Given Justice Milanetti’s comment that it is important to consider these cases in a Bill 198 threshold analysis, I will outline a few pre-Bill 198 threshold decisions rendered in the last year. Of particular note is that, in some of the cases, the judges have actually commented that Meyer v. Bright is still the starting point and that there should be no change in approach despite the existence of Bill 198.


Brak v. Walsh


On April 1, 20008 the Court of Appeal rendered a judgment in Brak v. Walsh[24]. The trial judge had granted a threshold motion. The Plaintiff appealed. The Court of Appeal held that the trial judge erred in the standard he applied both with respect to permanency and seriousness of the plaintiff’s injuries. The Court of Appeal felt the trial judge’s analysis of the seriousness of the injury was too narrow. The judges would not render a final decision on threshold due to credibility issues; however, I include this case to outline some of the comments made by the Court of Appeal relating to “serious” impairments.


In this case, the plaintiff suffered a low back injury as a result of the accident. She returned to work and was able to engage in some domestic duties. The evidence was that the pain would decrease with time if she engaged in a reasonable exercise and weight loss program. In making his decision, the trial judge considered only that the plaintiff was able to carry on with her full range of activities but did not consider the evidence of the lay witnesses regarding the plaintiff’s overall enjoyment of life. The Court of Appeal held as follows:


The requirement that the impairment be ‘serious’ may be satisfied even although plaintiffs, through determination, resume the activities of employment and the responsibilities of household but continue to experience pain. In such cases it must also be considered whether the continuing pain seriously affects their enjoyment of life, their ability to socialize with others, have intimate relations, enjoy their children, and engage in recreational pursuits.[25]


There have been no further reported decisions on this case.


Rosypskye v. Stewart


Justice Matheson made a decision on May 29, 2008 to grant the defendant’s threshold motion and dismissed the plaintiff’s action in Rosypskye v. Stewart[26]. The plaintiff had been involved in four motor vehicle collisions. The subject action involved the fourth collision only. The medical evidence was scarce regarding the impact of the fourth collision on the Plaintiff. Only one medical report was relied upon postdating the fourth collision. It was dated three months post accident. At the time of the trial the plaintiff was 71 years of old with limited English. She was the only witness called by plaintiff’s counsel. Counsel relied on the documentary evidence, which included medical records relating to the first three collisions. Justice Matheson found it hard to believe that the plaintiff, who received treatment following her first three collisions, had suffered a permanent and serious impairment following the fourth collision and not receive any treatment. He held that there was “a paucity of evidence that would lead [the court] to conclude that the plaintiff had overcome the burden of proof that was on her to establish that she had met the threshold”[27].


I mention this case to point out Justice Matheson’s comments regarding Regulation 381/03. He acknowledges that he is not bound by Regulation 381/03 as the collision occurred in September 2001, however, he felt the need to comment on Justice Morissette’s decision in Nissan.
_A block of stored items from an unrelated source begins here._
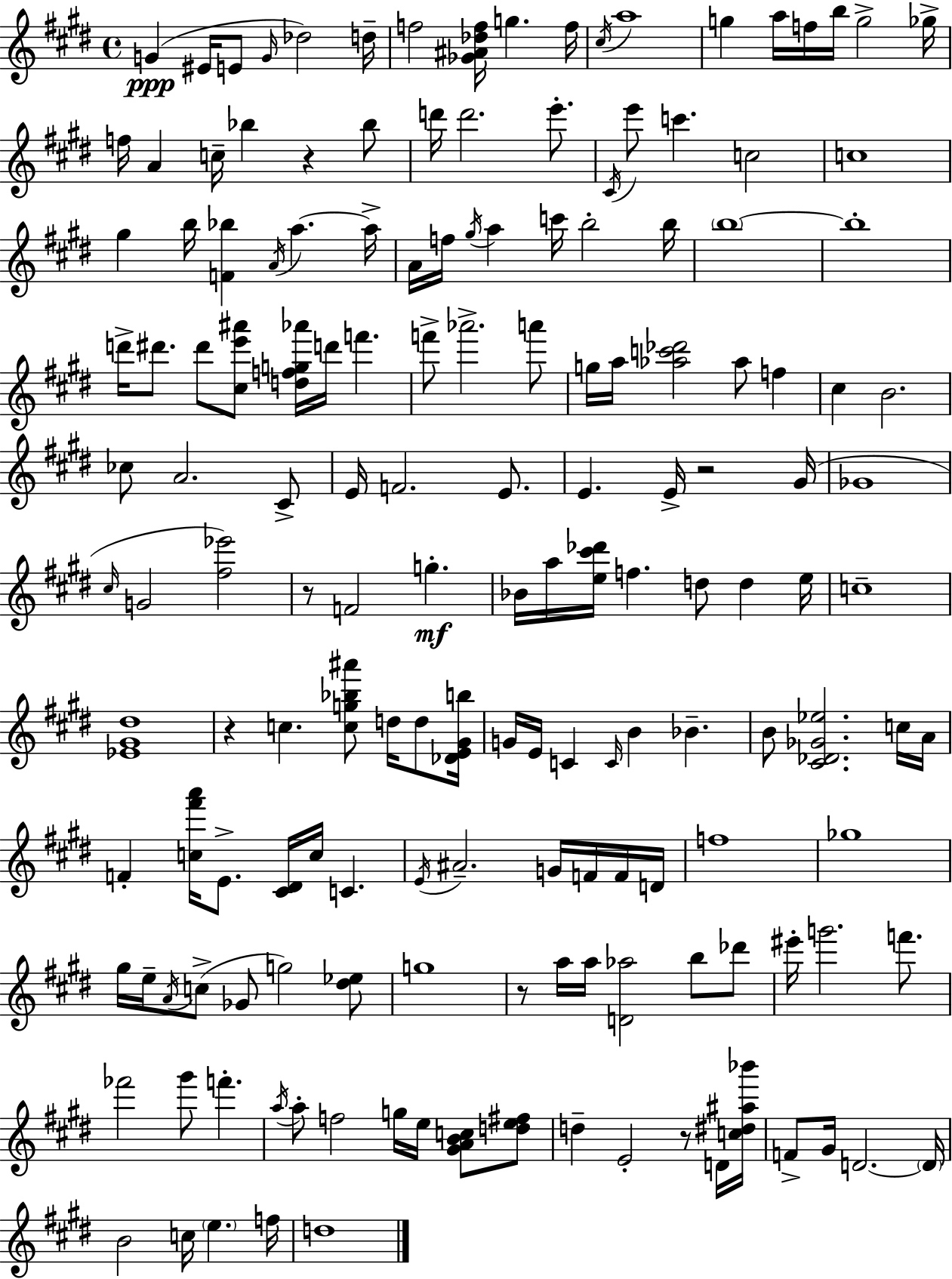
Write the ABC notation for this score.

X:1
T:Untitled
M:4/4
L:1/4
K:E
G ^E/4 E/2 G/4 _d2 d/4 f2 [_G^A_df]/4 g f/4 ^c/4 a4 g a/4 f/4 b/4 g2 _g/4 f/4 A c/4 _b z _b/2 d'/4 d'2 e'/2 ^C/4 e'/2 c' c2 c4 ^g b/4 [F_b] A/4 a a/4 A/4 f/4 ^g/4 a c'/4 b2 b/4 b4 b4 d'/4 ^d'/2 ^d'/2 [^ce'^a']/2 [dfg_a']/4 d'/4 f' f'/2 _a'2 a'/2 g/4 a/4 [_ac'_d']2 _a/2 f ^c B2 _c/2 A2 ^C/2 E/4 F2 E/2 E E/4 z2 ^G/4 _G4 ^c/4 G2 [^f_e']2 z/2 F2 g _B/4 a/4 [e^c'_d']/4 f d/2 d e/4 c4 [_E^G^d]4 z c [cg_b^a']/2 d/4 d/2 [_DE^Gb]/4 G/4 E/4 C C/4 B _B B/2 [^C_D_G_e]2 c/4 A/4 F [c^f'a']/4 E/2 [^C^D]/4 c/4 C E/4 ^A2 G/4 F/4 F/4 D/4 f4 _g4 ^g/4 e/4 A/4 c/2 _G/2 g2 [^d_e]/2 g4 z/2 a/4 a/4 [D_a]2 b/2 _d'/2 ^e'/4 g'2 f'/2 _f'2 ^g'/2 f' a/4 a/2 f2 g/4 e/4 [^GABc]/2 [de^f]/2 d E2 z/2 D/4 [c^d^a_b']/4 F/2 ^G/4 D2 D/4 B2 c/4 e f/4 d4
He agrees with Justice Morissette that the law is still that of Lento v. Castaldo and that the Regulation is simply “of assistance in giving guidance to the interpretation of the Act. He then goes on to refer to the particular references in Lento v. Castaldo he felt were pivotal to the threshold analysis.


Gaukel v. Thukral


This trial was heard by Justice Arrell in July and August 2008. He released his threshold ruling in Gaukel v. Thukral[28] on September 11, 2008. The case involved a 46 year old plaintiff, married with two teenage children. As a result of the injuries she sustained in the collision, including upper back pain, neck pain and headaches, she was required to change jobs two times. She ultimately returned to full time work in a sedentary job with flexibility to move as required. No claim was presented for loss of income, past or future.
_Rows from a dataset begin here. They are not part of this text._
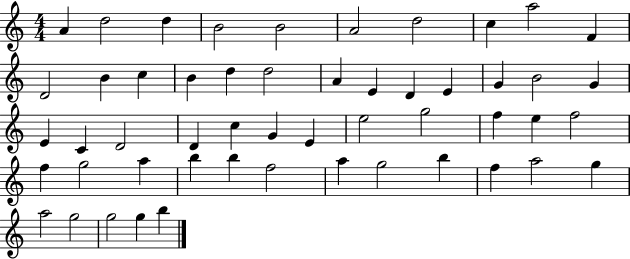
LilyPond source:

{
  \clef treble
  \numericTimeSignature
  \time 4/4
  \key c \major
  a'4 d''2 d''4 | b'2 b'2 | a'2 d''2 | c''4 a''2 f'4 | \break d'2 b'4 c''4 | b'4 d''4 d''2 | a'4 e'4 d'4 e'4 | g'4 b'2 g'4 | \break e'4 c'4 d'2 | d'4 c''4 g'4 e'4 | e''2 g''2 | f''4 e''4 f''2 | \break f''4 g''2 a''4 | b''4 b''4 f''2 | a''4 g''2 b''4 | f''4 a''2 g''4 | \break a''2 g''2 | g''2 g''4 b''4 | \bar "|."
}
Defence counsel raised a causation issue, which Justice Arrell disagreed with based on the medical evidence presented. The plaintiff had not mentioned her pre-accident shoulder injury to her treating physicians or the defence doctor, nor did she mention them on discoveries. Her explanation was that she had the problem which resolved after treatment and no longer were a problem at the time of the accident.
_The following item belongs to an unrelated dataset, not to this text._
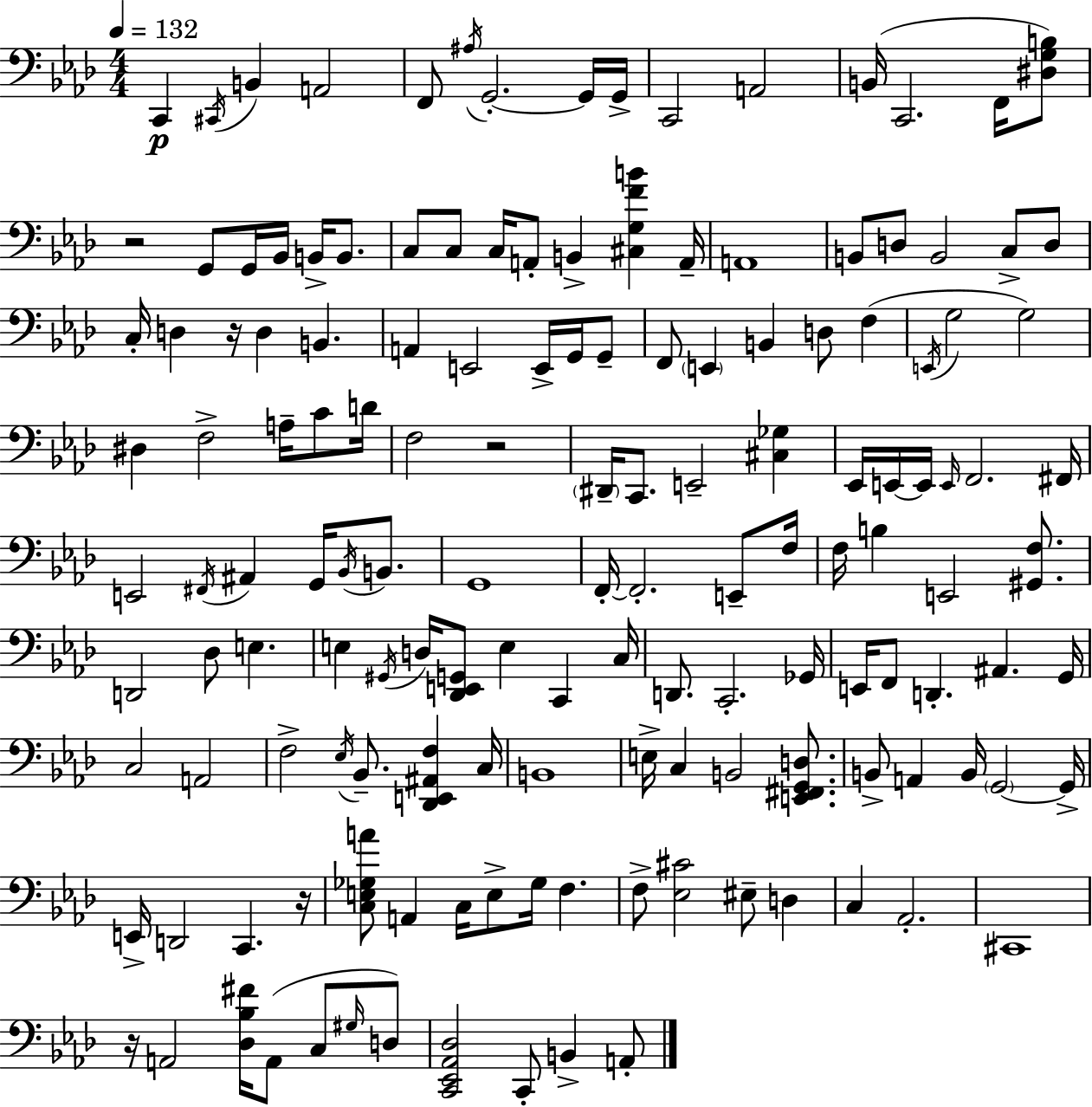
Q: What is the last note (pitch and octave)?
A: A2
Defence counsel also conducted surveillance on the plaintiff on two occasions. On one occasion she was shown raking leaves with her family and on the second she carried a heavy water jug into her house. The plaintiff testified that she would try to do as much as she could and often suffered with increased pain the days following such events. Justice Arrell rejected defence counsel’s suggestion that the plaintiff was not believable and that the court should reject her evidence regarding pain and dysfunction.


The plaintiff led evidence, together with her treating physicians, husband and close friend, that she was an active individual pre-accident. She engaged in a number of sports, including competitive soccer, boating, skiing, and activities with her children. She was responsible for inside and outdoor maintenance, meals and shopping. She had an active social life and very close marriage. The evidence revealed that the plaintiff’s life changed significantly after the accident. She had to hire people to clean her house and she was in constant pain, worse at the end of the day. She no longer played sports with her children, skied or swam lengths. She was able to vacuum the pool and resumed playing soccer, having changed her position, which she ultimately quit. She and her husband had to undergo marriage counseling for a period of time due to stresses and pain resulting from the plaintiff’s pain.


Justice Arrell accepted the evidence from the doctor’s that the plaintiff’s pain was a permanent, physical impairment. He further accepted that the plaintiff’s impairment of her upper back is an important one. Given the totality of activities that are being affected, as well as the daily pain and disturbance of sleep led Justice Arrell the conclusion that the impairment was serious. He held that the interference with the plaintiff’s enjoyment of life is “well beyond tolerable. It is serious”[29].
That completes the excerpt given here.